相手が彼女の場合の違和感がいくつか感じられる。 (1)この唄は後年になっても繰り返しコンサートで歌っている。10代の思い出をずっと引きずっているとは考えにくい。 (2)「くもりガラスの外は雨 私の気持ちは書けません  さみしさだけを手紙につめて ふるさとにすむあなたに送る」。相手が彼女なら、寂しいという気持ちを切々と書けると思うが、どうしても書けない様子が伺える。さみしいと思っているが、さみしいと言いたくないと思っているようだ。 (3)「あなたの笑い顔を ふしぎなことに今日は覚えていました」と言っている。

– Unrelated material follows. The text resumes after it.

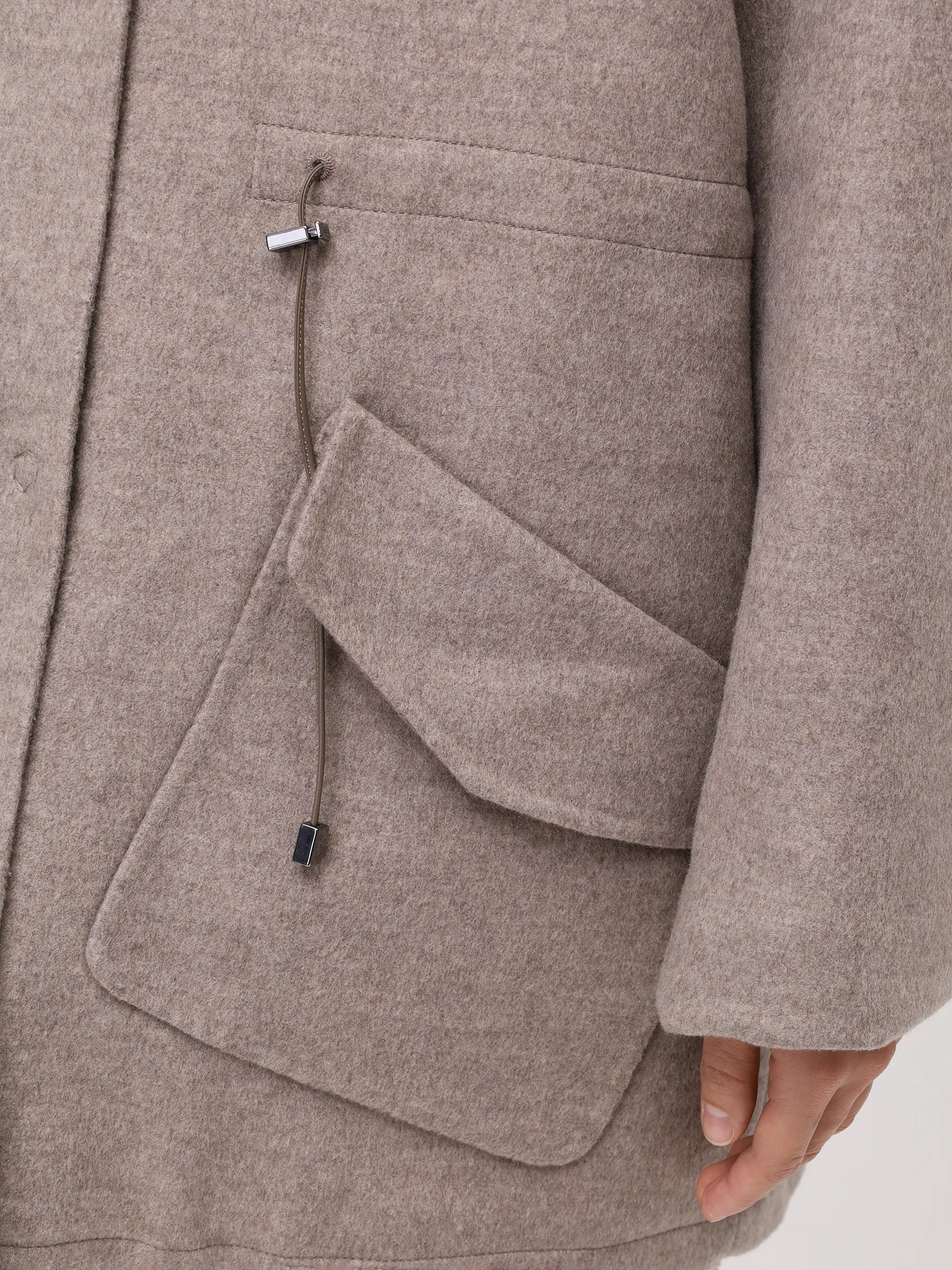 Парка из шерсти и кашемира на соболином меху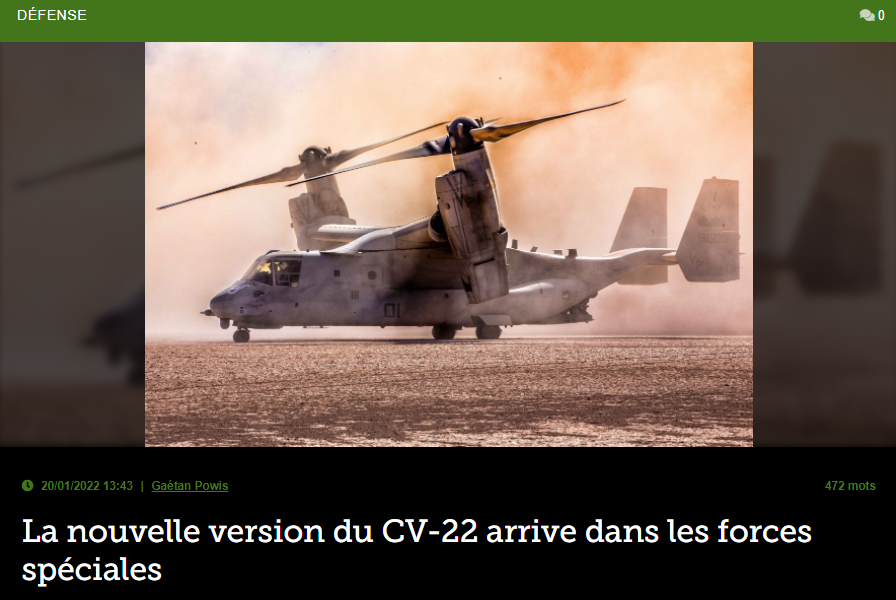 La nouvelle version du CV-22 arrive dans les forces spéciales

記念につくった歌を忘れたのに、笑顔はありありと思い出しているということは、余程印象に残っているんだろうが、彼女の笑顔なら日常的に見ていただろうから、少し違和感を感じる。(4)「あなたにとって見飽きた文字が 季節の中で埋もれてしまう」。彼女が見飽きるほど頻繁に手紙を書いていたとも思えない (5)新曲をリリースするタイミングは、通常月始めの1日であるが、この曲は21日にリリースしている。12月にはアルバム「氷の世界」がリリース予定になっているので、セールス的にいろいろあるのであろうが、既にかなり前に出来ていたが、リリースを躊躇していたものを急遽リリースしたのではないかと想像してしまう。ためらっていたのは、納得いかない部分があって何度か書き直していたのではないだろうか。そして、これが最も引っ掛かる点であるが、弾き語りのコンサートで「心もよう」を歌う前に「大変な唄だね」と語ったことがあった。大変な思いをして苦労の末に出来上がったという意味であろう。彼女に対する思いであれば、曲作りにそんなに苦労するとは思えない。

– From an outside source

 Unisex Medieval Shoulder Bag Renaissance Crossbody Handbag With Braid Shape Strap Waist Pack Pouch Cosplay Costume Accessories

そこで仮に相手が母ならどうであろうか。これらの違和感がかなり解消されると思われるが。もちろん、母だとすると「19才になったお祝いに 作った歌も忘れたのに」というようなフレーズは、かなりおかしくはあるが。しかしながら、二十歳前後の青年では母への思いをストレートに歌えるとも思えない。一部彼女との思い出と交錯しながら母への思いを歌っているようにも感じられる。
なお、「人生が二度あれば」で母への思いを涙ながらに歌っていた陽水が、その後この歌をほとんど歌っていないというのも納得がいかない。それに代る歌ではないかと思ってしまうのだが、私の思い過ごしだろうか。